ORLANDO – Researchers have been able to sustain a dramatic reduction in hypoglycemia incidents at nine St. Louis–area hospitals, thanks to a computer algorithm that warns medical staff when patients appear to be on the road to dangerously low blood sugar levels.
“Complex variables can be utilized in real time to make diabetic therapy safer,” said coauthor Garry S. Tobin, MD, director of the Washington University Diabetes Center at Barnes-Jewish Hospital in St. Louis, said in an interview. “It can be a useful tool, and it’s sustainable.”
The 6-year retrospective system-wide study, which was released at the annual scientific sessions of the American Diabetes Association, found that the use of the alert system lowered the annual occurrence of severe hypoglycemia events by 41% at the hospitals.
In at-risk patients – those with blood glucose levels under 90 mg/dL – the system considers several variables, such as their weight, creatinine clearance, insulin therapy, and basal insulin doses. If the algorithm considers that a patient is at high risk of a sub–40-mg/dL glucose level – dangerously low – it sends a single alert to medical staff during the patient’s stay.
The idea is that the real-time alerts will go to nurses or pharmacists who will review patient charts and then contact physicians. The doctors are expected to “make clinically appropriate changes,” Dr. Tobin said.
Earlier, Dr. Tobin and colleagues prospectively analyzed the alert system’s effectiveness at a single hospital for 5 months. The trial, a cohort intervention study, tracked 655 patients with a blood glucose level under 90 mg/dL.
In 2014, the researchers reported the results of that trial: The alert identified 390 of the patients as being at high risk for severe hypoglycemia (blood glucose under 40 mg/dL). The frequency of severe hypoglycemia events was just 3.1% in this population vs. 9.7% in unalerted patients who were also deemed to be at high risk ().
For the new study, researchers extended the alert system to nine hospitals and tracked its use from 2011 to 2017.
During all visits, the number of severe hypoglycemic events fell from 2.9 to 1.7 per 1,000 at-risk patient days. (P less than .001)
At one hospital, Dr. Tobin said, the average monthly number of severe hypoglycemia incidents fell from 40 to 12.
Researchers found that the average blood glucose level post alert was 93 mg/dL vs. 74 mg/dL before alert. They also reported that the system-wide total of alerts per year ranged from 4,142 to 5,649.

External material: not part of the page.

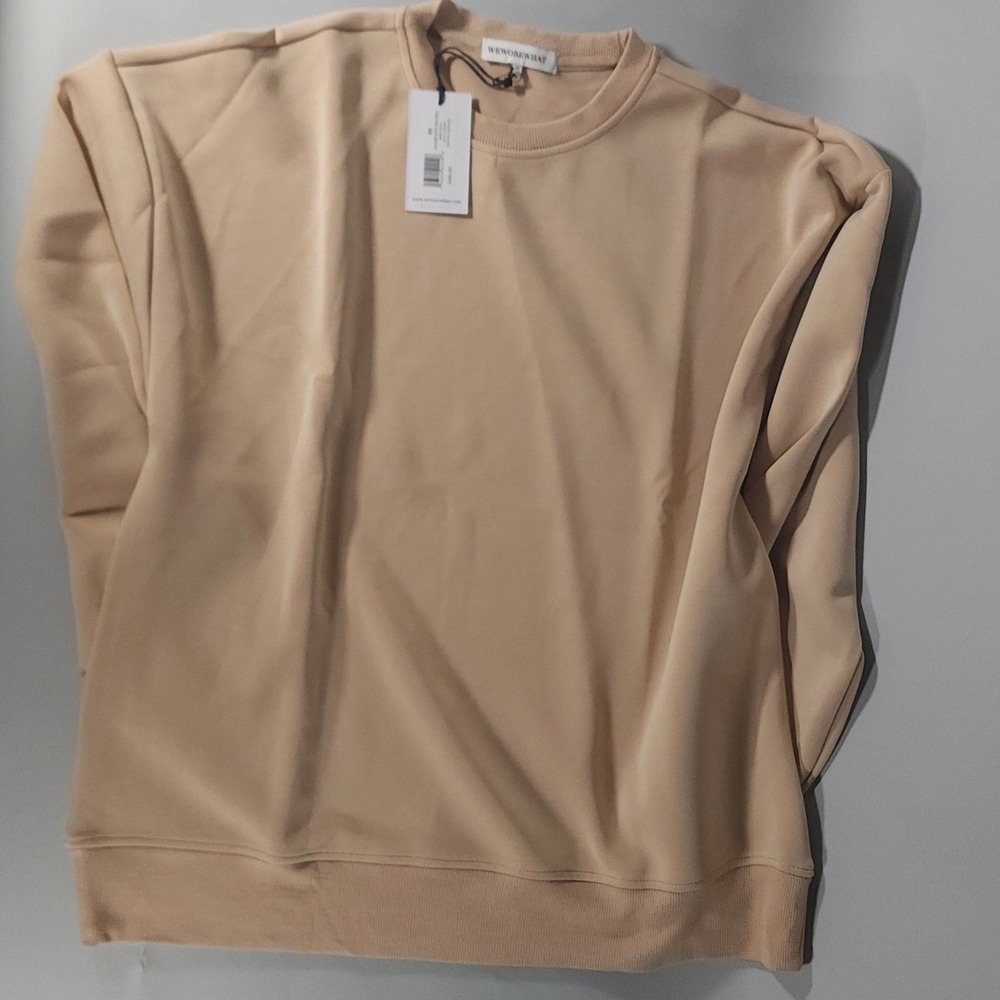 WeWoreWhat Sweatshirt Women XS Tan Oversized Balloon Sleeve Crewneck Casual Chic - Picture 3 of 8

“The current data reflected in our poster show that the alert process is sustainable over a wide range of clinical settings, including community hospitals of various size and complexity, as well as academic medical centers,” Dr. Tobin said.
The alert system had no effect on hyperglycemia, Dr. Tobin said.
In regard to expense, Dr. Tobin said it’s small because the alert system uses existing current staff and computer systems. Setup costs, he said, included programming, creating the alert infrastructure, and staff training
No study funding is reported. Dr. Tobin reports relationships with Novo Nordisk (advisory board, speaker’s bureau) and MannKind (speaker’s bureau). The other authors report no relevant disclosures.